TALEBİ GÖREN DOLAR YÜKSELİYOR
Bu yıl 60 milyar dolar dış borç ödemesi yapacak olan özel sektörün döviz talebi gitgide büyüyor. Geçtiğimiz gün Merkez Bankasının 500 milyon dolarlık döviz ihalesine 1,2 milyar dolarlık talep gelmiş. Piyasanın ihtiyacını karşılamak için dünkü ihalede bu rakamı 1 milyar dolara yükselten kurum bu defa da 1 milyar 930 milyon dolarlık taleple karşı karşıya kaldı. Yüksek talep nedeniyle kurumun örtülü faiz artırım hamlesine rağmen yükselen dolar ise gün içinde 3,91 lirayı gördü. Piyasada döviz talebinin sadece özel sektör kaynaklı olduğunu belirten uzmanlar, 20 Ocak haftası verilerine göre yabancı para cinsinden mevduatların yüzde 1 oranında azaldığını, vatandaşların dolara talep göstermediğini ifade ediyor.

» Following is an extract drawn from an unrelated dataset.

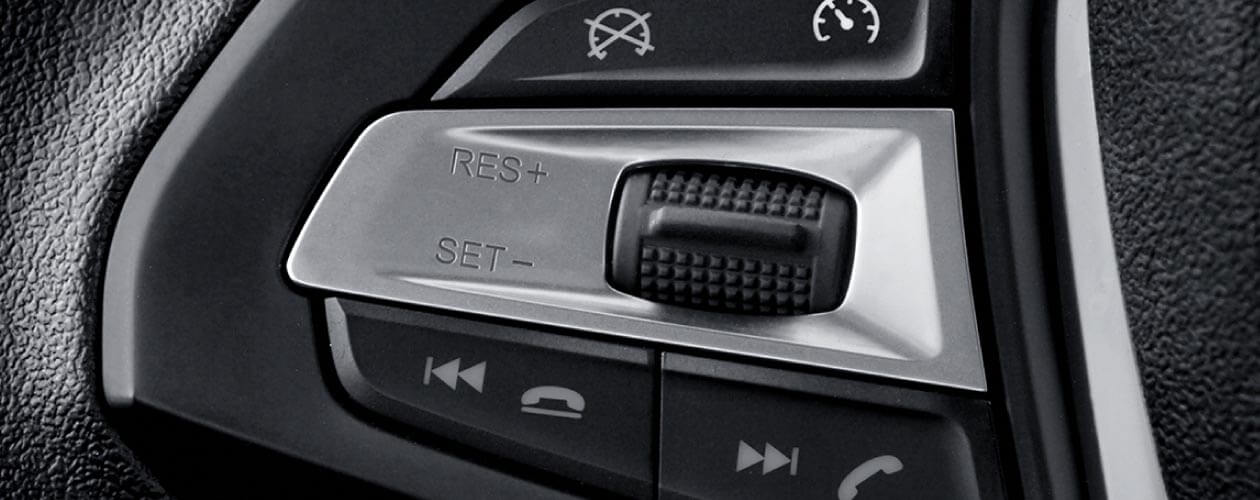 Un Auto Sedán con Control Crucero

TEKE DÖNÜP İLETİŞİMİ İYİ KURMALIYIZ
Para Politikası Kurulu (PPK) toplanmadan, likidite yönetiminin para politikasının omurgası haline geldiğini kaydeden Yılmaz, bunun yanlış olduğunu aktardı. Yılmaz, bandın dövizdeki etkilere cevap verebilmek için ortaya konulduğunu belirterek, şunları söyledi: “Basmadığımız yabancı para üzerinden ve kendimizi çok fazla üretmediğimiz altın üzerinden para politikası yürütür hale geldik. Yapılması gereken şey, tek bir para politikası faizine dönüp bunun iletişimini iyi kurmalıyız. Dolayısıyla para politikasının enflasyon düşürülerek yabancının parası üzerinden değil, TL’nin maliyeti üzerinden yürütülmesinin yolları aranmalıdır.”